The Hibiscus sabdariffa blooms are simple and beautiful. They are a light pinkish color and look very similar to okra blooms. They are only open for a day or so. Once they die and fall off the calyx is ready to harvest. I don’t harvest them every day so some of our calyxes are quite large and some were smaller.
After a while the calyx will start to get woody and dry out. These will have mature seeds, so if you want to save seeds make sure to let some stay on the plant until the seeds fully mature.
The calyx should just snap right off the branch when it’s ready. However, some might need to be snipped off with some scissors.
Inside the calyx is a seed pod, you’ll need to cut the seed pod out. I just slit down the side of the calyx and then around the bottom with a small parring knife.
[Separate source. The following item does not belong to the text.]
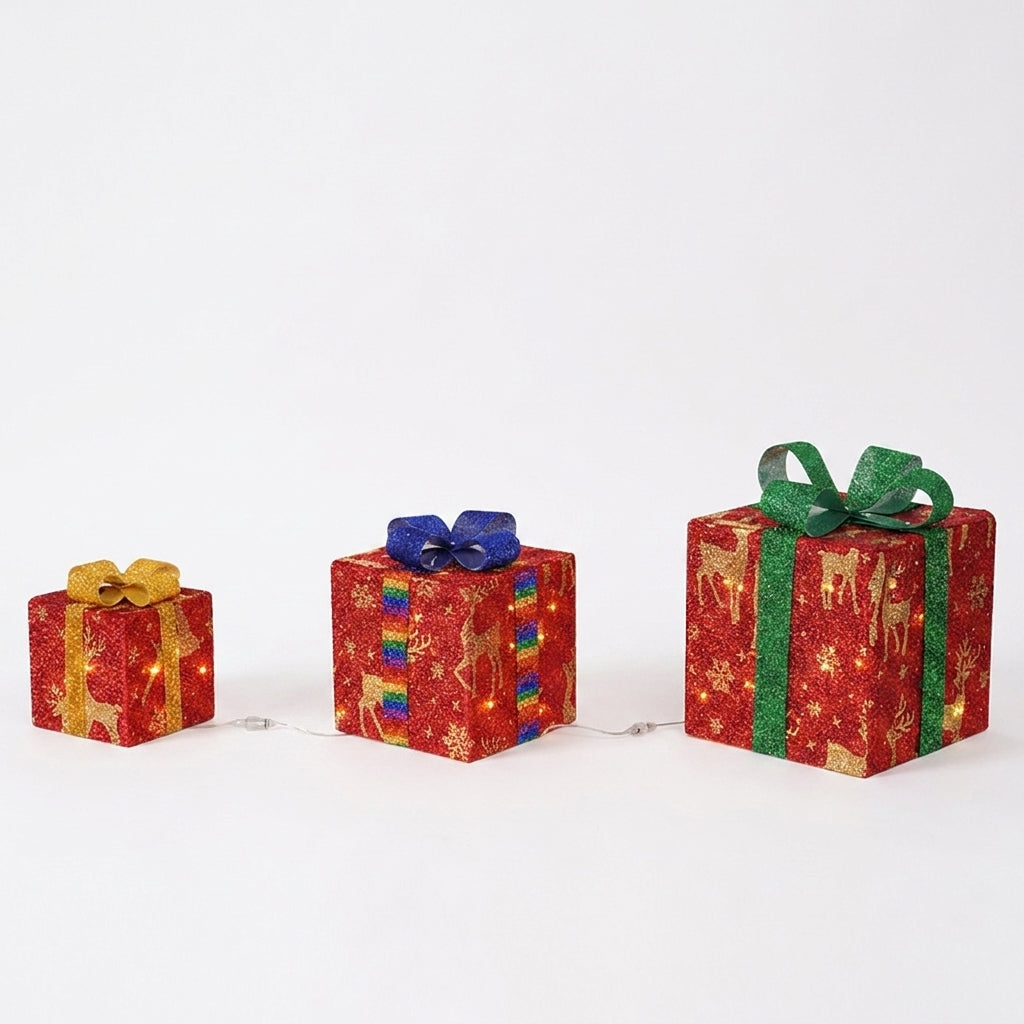 Outdoor Christmas Decorations Lighted Boxes Glittered Set - studio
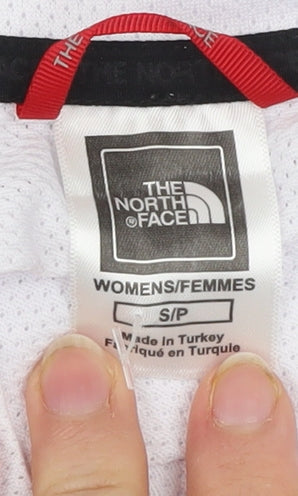 The North Face Womens White Cropped T-Shirt S Relaxed Fit Logo Sportswear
Medicinally, hibiscus is often used to help with high blood pressure, stomach issues, loss of appetite, and several other issues. If you’re interested in using hibiscus medicinally I want to encourage you to talk with a trained herbalist or natural health care provider.
We love adding hibiscus to our tea. It has a sour flavor similar to cranberries. I don’t use a set recipe, I just toss some into my cup of mint or nettle tea. If you’re looking for a tea that has quite a bit of vitamin C for the winter, you should try this rose hip and hibiscus tea. This super fruit tea also looks like a tasty year round drink.
Hibiscus can also be used as a kool-aid alternative for a tasty and healthy drink for children – or adult. Another drink for warm weather is this hibiscus clove cooler.
Our son makes kombucha and I’m going to see if I can convince him to branch out and make some hibiscus kombucha for me to try.
I have to say that this chocolate cake with hibiscus curd is probably the most elegant and intriguing idea I’ve seen so far for using hibiscus calyxes. We’ll be making this before our bushes stop producing.
While searching for something to do with the seedpods a friend recommended this article for to me for making a pomegranate hibiscus fire cider and I’m so glad she did. This is the only article I’ve found that suggests just chopping up the immature seed pod with the rest of the calyx and using that for teas. I’ll be doing that from now on.
Hibiscus isn’t just for eating though, you can also use it in a hair rinse and I have friend who’s experimenting dying wool yarn with it which is super cool!
Leaves and flowers are also edible; in come cultures the leaves are cooked like spinach. Some teas are made with just the flowers, leaves and calyxes. Lastly, the wood of some varieties can be used as fiber similar to jute. Like mulberries, hibiscus is truly an all purpose plant.
Do you grow or use edible hibiscus? If so, leave your tips and recipes in the comments.